BÖBREK YETMEZLİĞİ, NAKİL VE SON ÖLÜM: İDDİALAR KARATAY'I HEDEF TAHTASINA KOYDU
Üç yıl boyunca Karatay'ın tavsiyelerine uyan C.Ü.'nün 2019'da böbrek değerleri kötüleşince, Karatay'ın kendisini bir böbrek hastalıkları uzmanına yönlendirdiği ve "yapabileceği bir şey kalmadığını" söylediği iddia ediliyor. Hastaya "böbrek yetmezliği" tanısı konulurken, böbreklerini kaybeden C.Ü., nakil sayesinde hayata tutunmuştu. Ancak son olarak 8 Kasım'da, tedavi gördüğü hastanede kansere yenik düşerek hayata veda etti.
SAVCILIK HAREKETE GEÇTİ
C.Ü.'nün vefatının ardından, olay yeniden gündeme geldi ve İstanbul Anadolu Cumhuriyet Başsavcılığı, harekete geçti. C.Ü.'nün şikayeti üzerine, Karatay ve o dönem çalıştığı hastane hakkında soruşturma başlatıldı. Savcılık, dilekçede yer alan, "Müvekkil aydınlatılmadan uygulanan sıra dışı tedavinin olası sonuçları hakkında bilgi vermeksizin yapılan hatalı ve kusurlu tedaviler nedeniyle" iddialarını dikkate alarak, şüphelilerin cezalandırılmasını talep etti. Dilekçede ayrıca, yüksek miktardaki tuz kullanımının böbreklere "geri dönüşü olmayan hasar verdiği" belirtilirken, Karatay'ın "meslek icrasının yasaklanması" ve "yaralama ve görevi kötüye kullanma" suçlarından savcılıkça re'sen tespit edilecek suçlardan cezalandırılabilmesi için kamu davası açılması da istendi.
KARATAY'IN SAVUNMASI MERAK KONUSU: 9 OCAK'TA NE OLACAK?

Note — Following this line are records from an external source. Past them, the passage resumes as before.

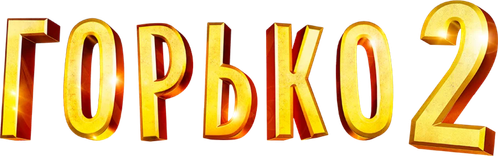 Горько! 2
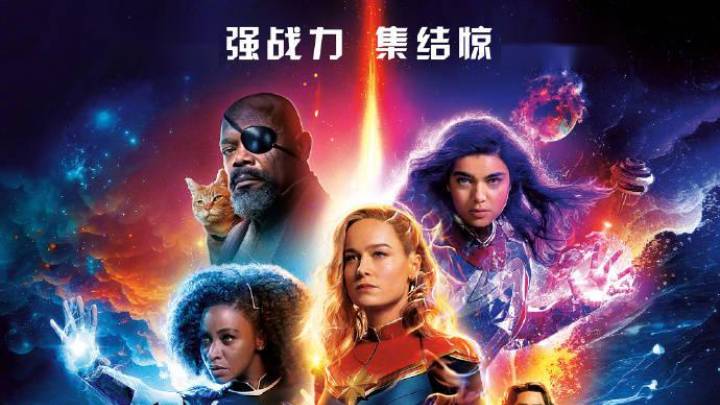 漫威年度压轴《惊奇队长2》电影，你期待吗？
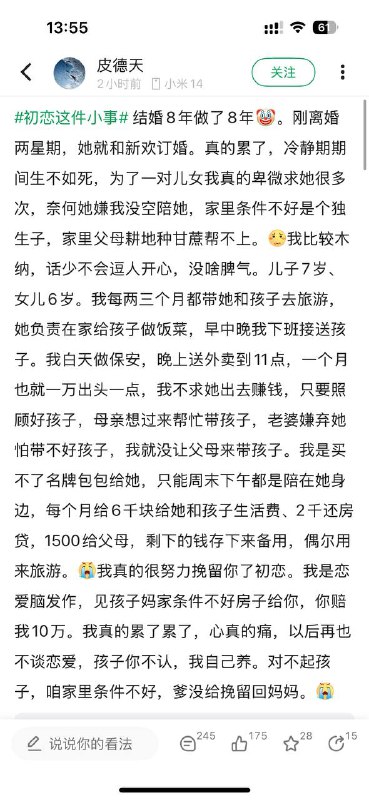 開句震驚🤯開句震驚🤯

Tartışmalı açıklamalarıyla sık sık eleştirilen Canan Karatay'ın bu kez hukuk karşısında vereceği savunma merakla bekleniyor. 9 Ocak 2025'teki mahkeme, hem Karatay'ın kariyeri hem de tıp etiği açısından önemli bir dönüm noktası olacak. Bu dava, "alternatif tıp" yöntemlerinin güvenilirliği, doktorların sorumlulukları ve hasta hakları gibi konularda da geniş tartışmalara yol açacağa benziyor.
YARGI SÜRECİ, TIP DÜNYASINDA YENİ BİR ÇAĞ BAŞLATABİLİR
Canan Karatay'ın yargılanma süreci, tıp dünyasında büyük bir tartışma yaratabilir. Yıllardır savunduğu "beslenme odaklı tedavi" yöntemlerinin ne kadar güvenilir olduğu, doktorların hastalarına yeterli bilgilendirmeyi yapıp yapmadığı ve alternatif tıp yöntemlerinin riskleri gibi konular, bu dava ile daha çok gündeme gelecek.